Wann das Areal Grubenacker geräumt werden muss, ist offen. Foto: pm.

Die Mitglieder des Familiengartenvereins Seebach gärtnern nach wie vor voller Enthusiasmus auf den Arealen Eichrain und Grubenacker. Dies obwohl die beiden Areale in den nächsten Jahren überbaut werden.

Am 3. März findet die Generalversammlung des Familiengartenvereins Seebach statt. Anlässlich der letztjährigen Generalversammlung herrschte Räumungsstimmung. Der Verein muss nämlich die beiden Areale Eichrain und Grubenacker wegen Bauprojekten räumen. In der Zwischenzeit hat sich aber nicht viel getan. «Wir haben keine Kündigung erhalten für unser Areal Eichrain», hält Heinz Nauer, Verpächter vom Familiengartenverein Seebach, auf Anfrage fest. Man habe «eine Gnadenfrist» erhalten.
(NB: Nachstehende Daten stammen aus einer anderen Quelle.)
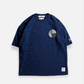 CIRCLE PATCH INDIGO WIDE TEE (INDIGO)
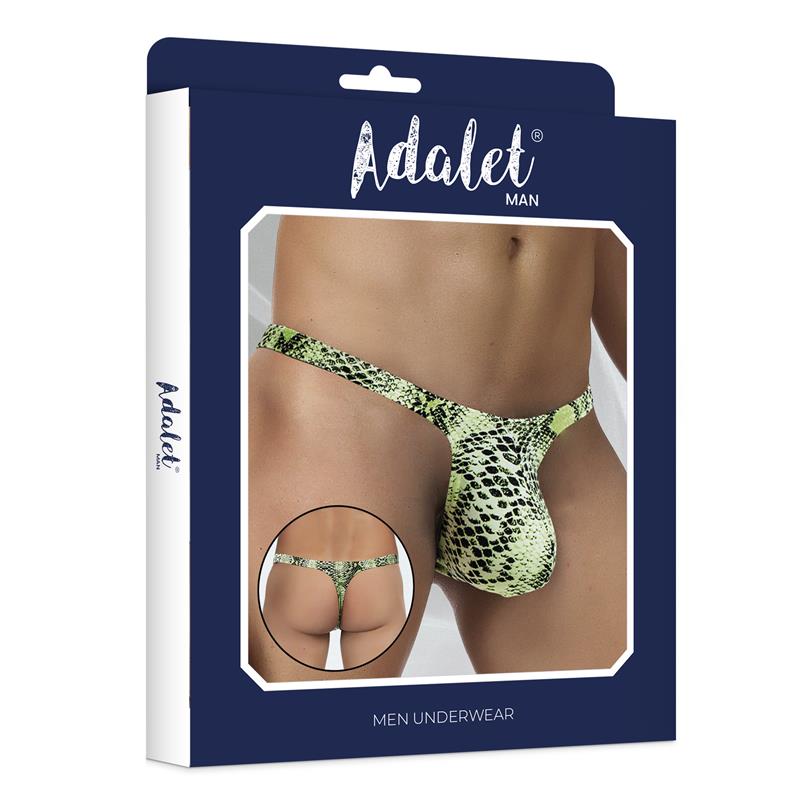 ADALET MAN - MAVER TANGA ESTAMPADO DE SERPIENTE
Die Ausschreibung für die Baubewilligung für Wohnsiedlung und Alterszentrum Eichrain ist gemäss Plan im Februar vorgesehen, die Volksabstimmung für den Baukredit im Juni 2018. «Das heisst, das Areal muss erst auf Ende 2019 geräumt sein», bemerkt Nauer. «Wir machen deshalb weiter wie bisher.»

Ähnlich sieht es mit dem Areal Grubenacker an der Thurgauerstrasse aus. Dort sind Schulhaus, Park und Siedlung geplant. «Am 19. März findet eine Information statt. Wir hoffen, dort mehr über die Baupläne zu erfahren», so Nauer.
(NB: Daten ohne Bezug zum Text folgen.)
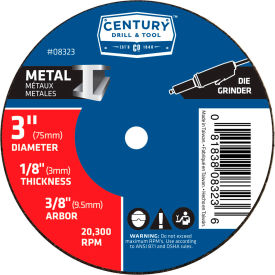 Century Drill 08323 Cutting Wheel 3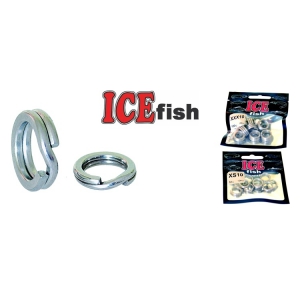 ICE fish Ploché kroužky - super pevné vel.11 - 8ks/bal 90kg
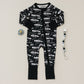 Bamboo Zip Romper | Race Cars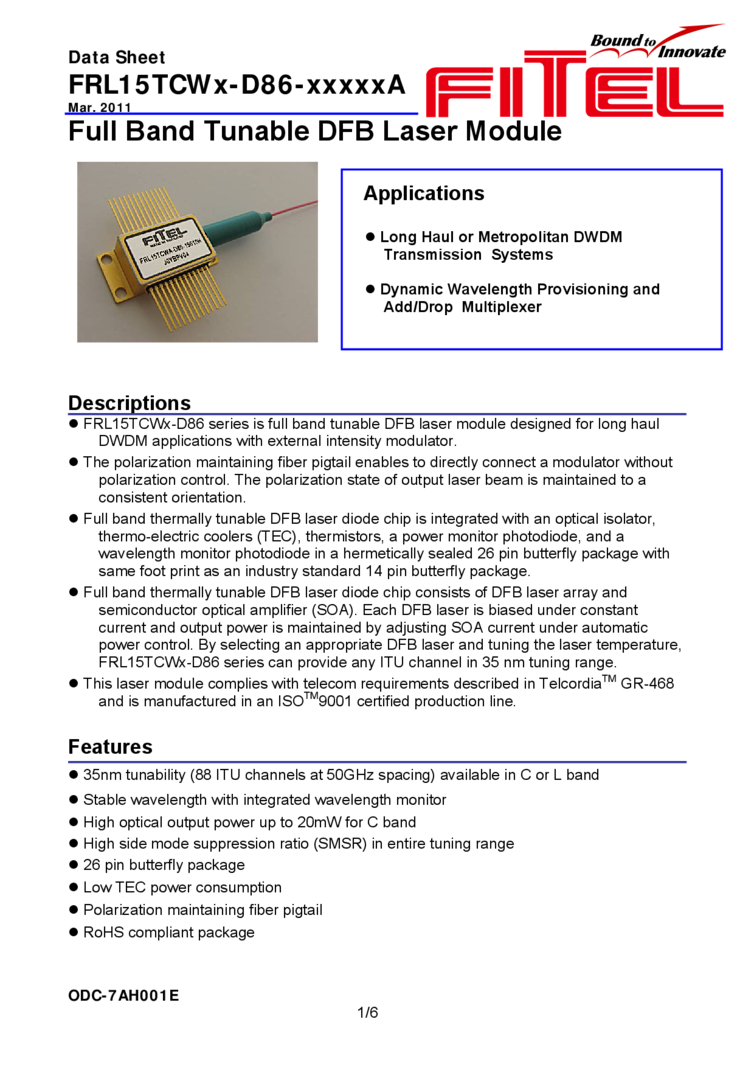 1527nm-1610nm Tunable Laser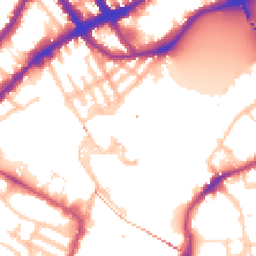Daytime road noise heatmap for SW10 0BF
Auch bezüglich Finanzierung der Gartenräumung gibt es nichts Neues. Die Pächter hatten sich dagegen gewehrt, die gesamten Kosten zu übernehmen. «Wir schauen, wie die Pächter des Familiengartenvereins Altstetten-Albisrieden es machen», so Nauer. Dort müssen die Gärten wegen des neuen Eishockeystadions geräumt werden. Allerdings übernimmt der ZSC einen Teil der Kosten.

Das Interesse an den Gärten ist zurzeit sehr gross. «Wir haben 19 neue Pächter, sogar eine Warteliste», betont Nauer. Der Familiengartenverein Seebach hat zurzeit insgesamt 246 Gärten auf den Arealen Grubenacker, Seebacherstrasse, Eichrain und Frohbühl.
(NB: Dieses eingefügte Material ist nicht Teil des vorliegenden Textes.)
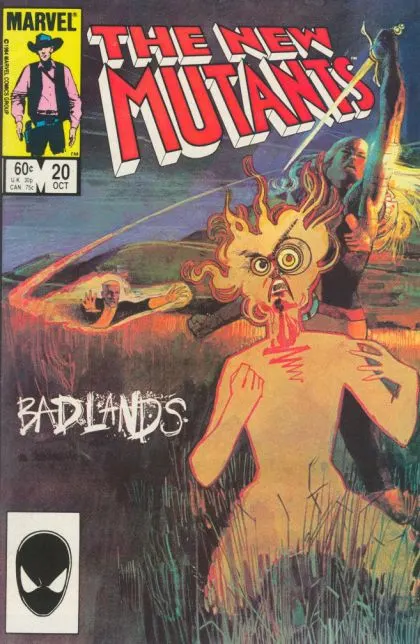 New Mutants, Vol. 1 #20 Direct Edition comic book cover, 1984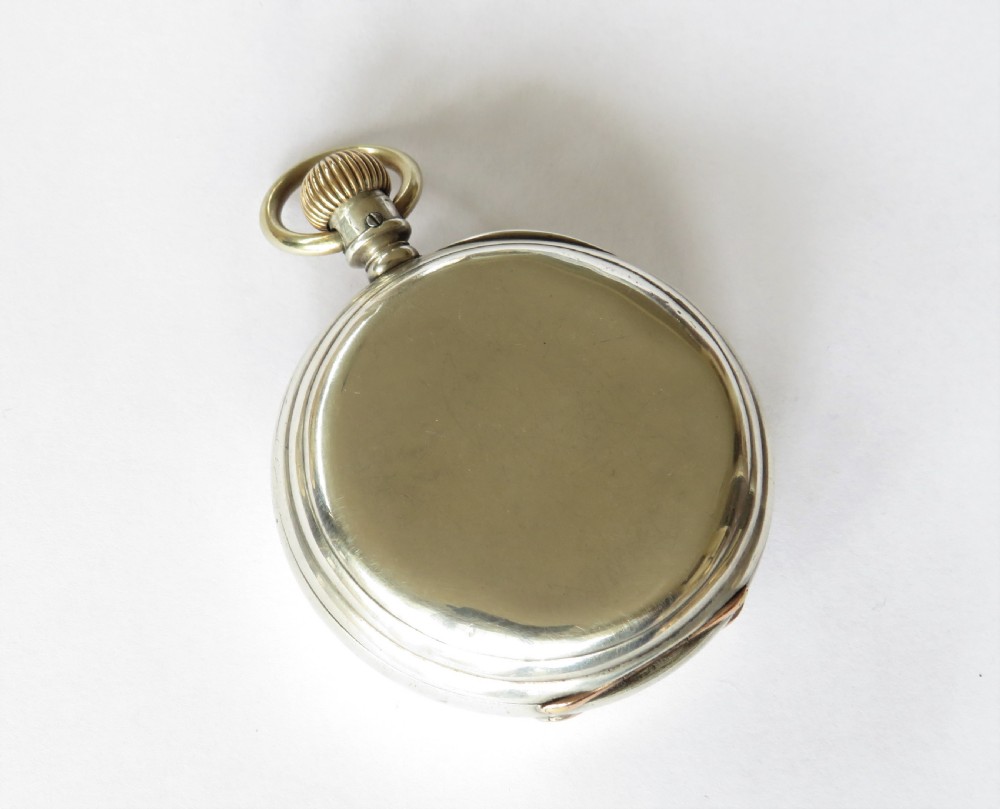 Antique silver Longines pocket watch for Thomas Russell View III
Als teilweiser Ersatz für die Gärten auf den Arealen Eichrain und Grubenacker soll der Familiengartenverein Seebach das Areal Frohloch erhalten. «Konkretes zum Projekt Frohloch werden wir voraussichtlich 2019 berichten können», teilt Marc Werlen, Mediensprecher von Grün Stadt Zürich, auf Anfrage fest. «Aktuell erstellen wir die dafür nötige und zum Teil aufwendige raumplanerische und konzeptionelle Vorarbeit.»

 

Thurgauerstrasse

Am 19. März findet im Schulhaus Leutschenbach eine Informationsveranstaltung zur Entwicklung Thurgauerstrasse statt. Die Erwartungen der Anwohner sind hoch: «Ich erwarte, dass der Stadtrat bestrebt ist, nach all den Misserfolgen wie dem Ringling-Prozess, dem ERZ-Debakel, der Spitalmisere, um nur einige zu nennen, wieder einmal ein Projekt erfolgreich auf die Schiene zu bringen. Ich erwarte also, dass uns ein grundlegend überarbeiteter Gestaltungsplan Thurgauerstrasse West präsentiert wird», hält Christian Häberli von der IG Grubenacker fest. (pm.)